▶ Data to use:

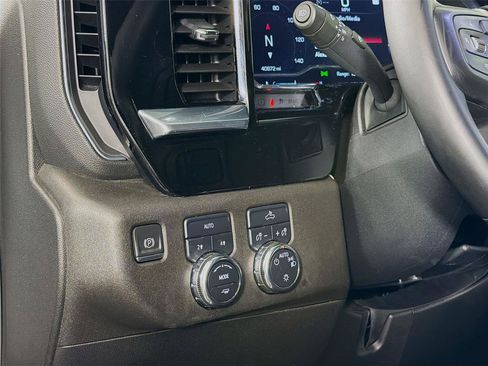 Used 2023 GMC Sierra 1500 SLE AWD/4WD image 17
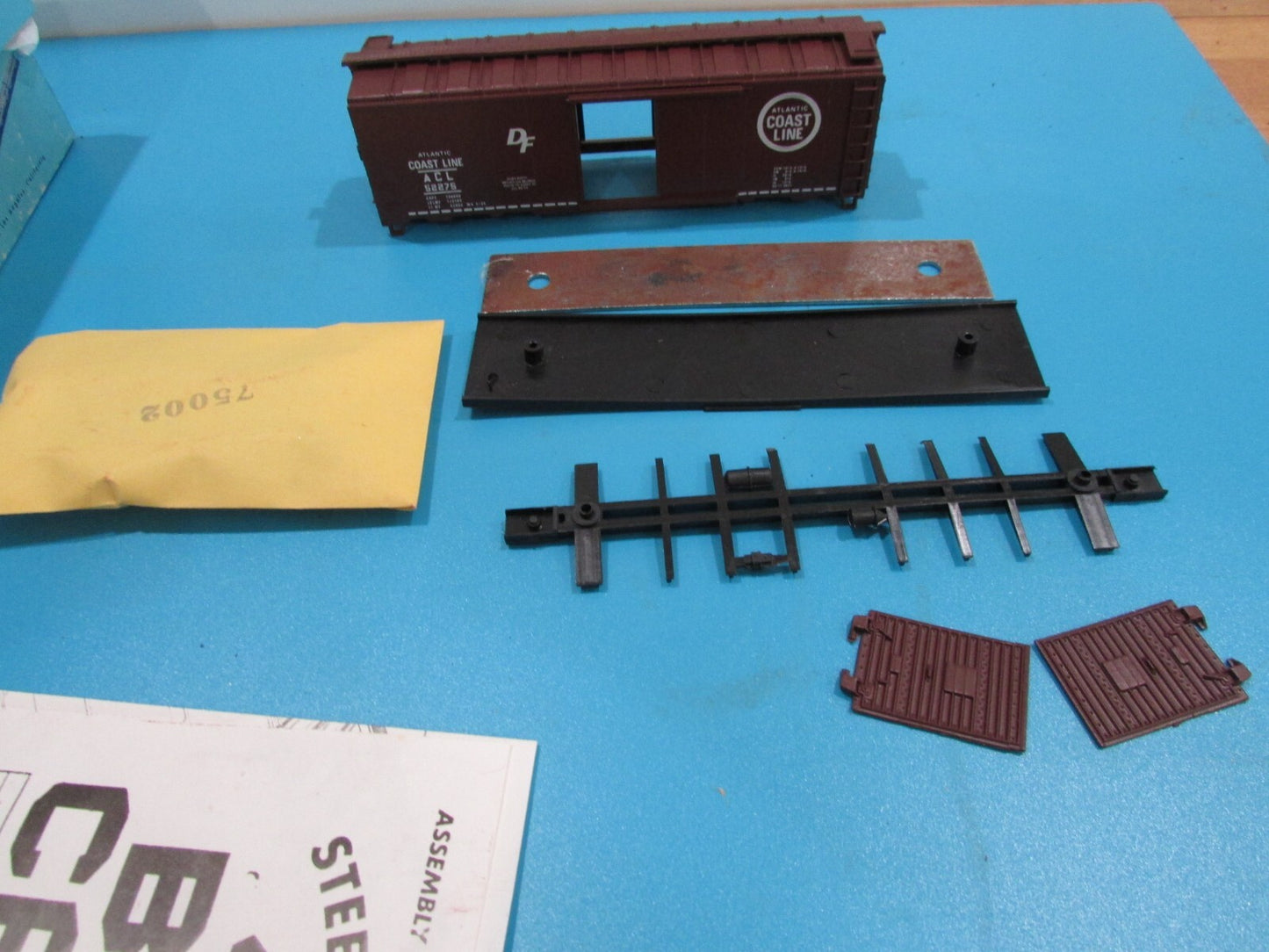 HO Scale Athearn (3)  Assorted Box Cars "Atlantic Coast Line" Lot#1108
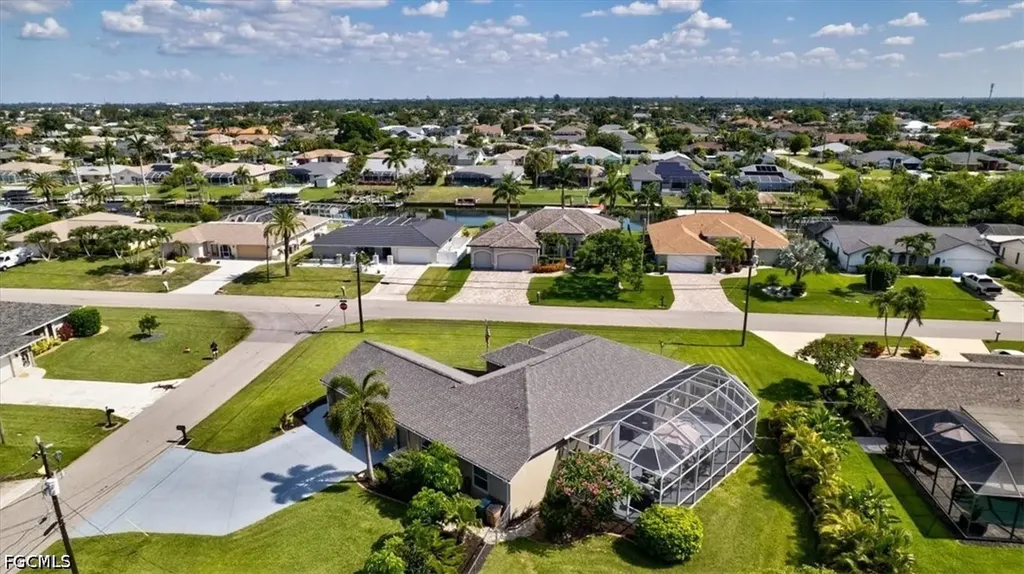 420 SE 32nd Street Cape Coral FL 33904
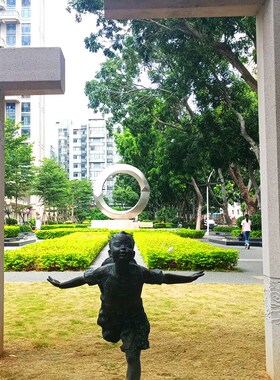 定制大型抽象异形石材r雕塑铸铜小女孩奔跑法治之门廉政主题景观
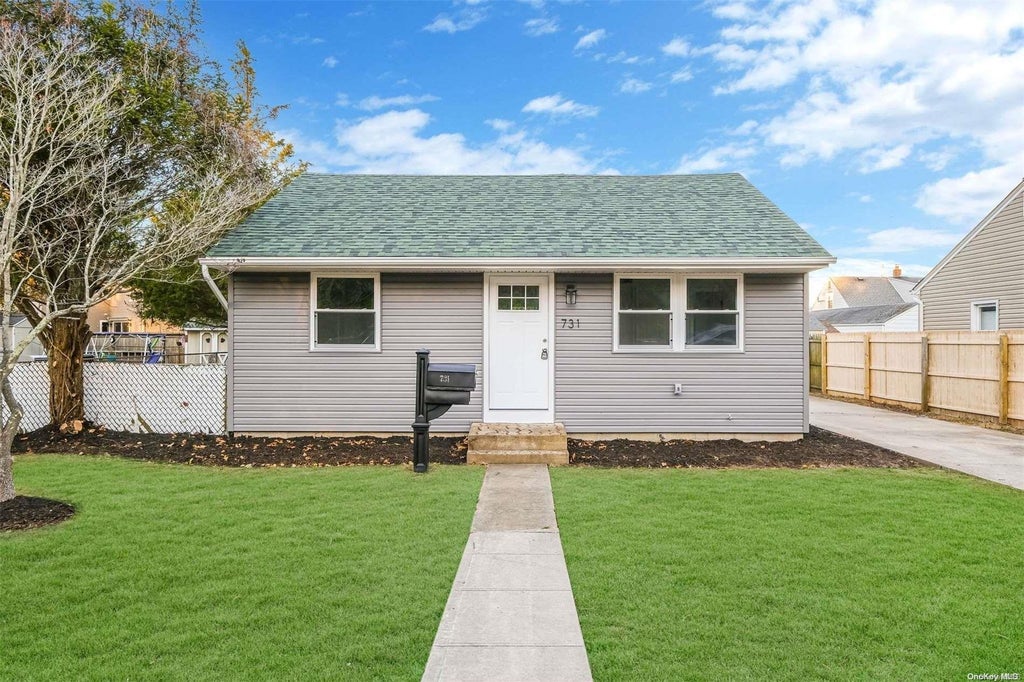 1 of 31 - 731 Montauk Highway, Oakdale, NY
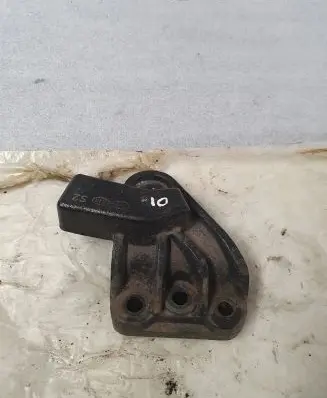 KIA Ceed Engine mount bracket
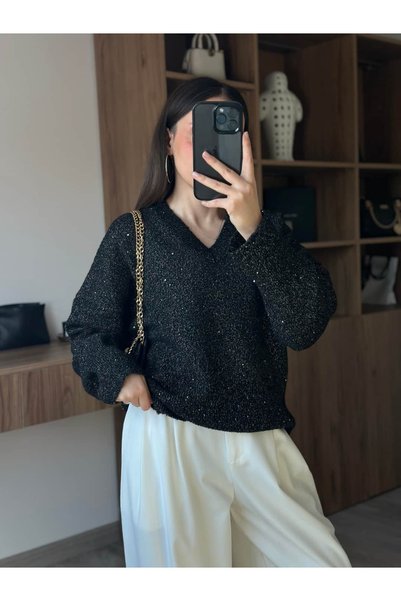 Tuğçe Özer سترة بتفاصيل منسوجة وياقة على شكل V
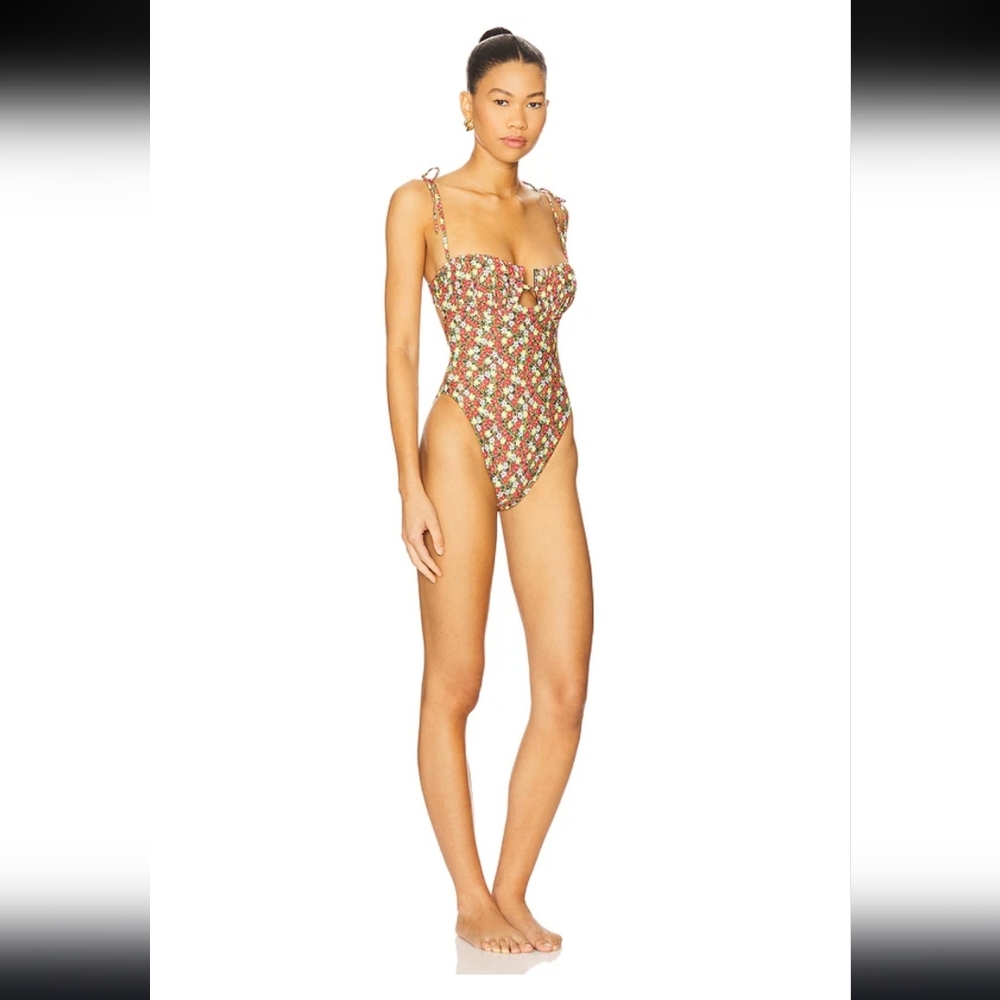 Montce Sienna Petal One‎ Piece Swimsuit - Picture 9 of 16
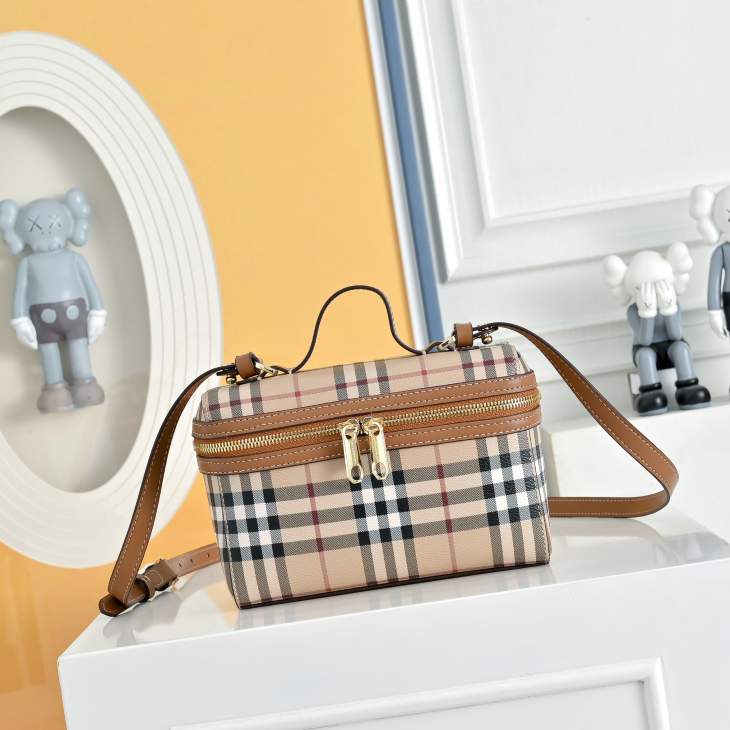 Picture of Burberry Handbags _SKUfw236853037fw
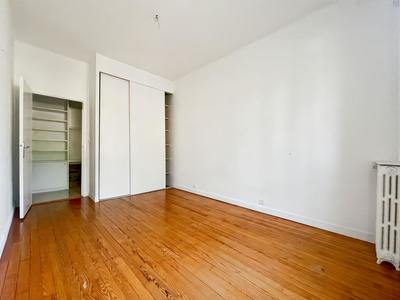 Appartement - 111 m² - 4 pièces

▶ Work task:
All lines of the material above should be returned unchanged, but no pictures should be included.

▶ Response to this task:
 Used 2023 GMC Sierra 1500 SLE AWD/4WD image 17
 HO Scale Athearn (3)  Assorted Box Cars "Atlantic Coast Line" Lot#1108
 420 SE 32nd Street Cape Coral FL 33904
 定制大型抽象异形石材r雕塑铸铜小女孩奔跑法治之门廉政主题景观
 1 of 31 - 731 Montauk Highway, Oakdale, NY
 KIA Ceed Engine mount bracket
 Tuğçe Özer سترة بتفاصيل منسوجة وياقة على شكل V
 Montce Sienna Petal One‎ Piece Swimsuit - Picture 9 of 16
 Picture of Burberry Handbags _SKUfw236853037fw
 Appartement - 111 m² - 4 pièces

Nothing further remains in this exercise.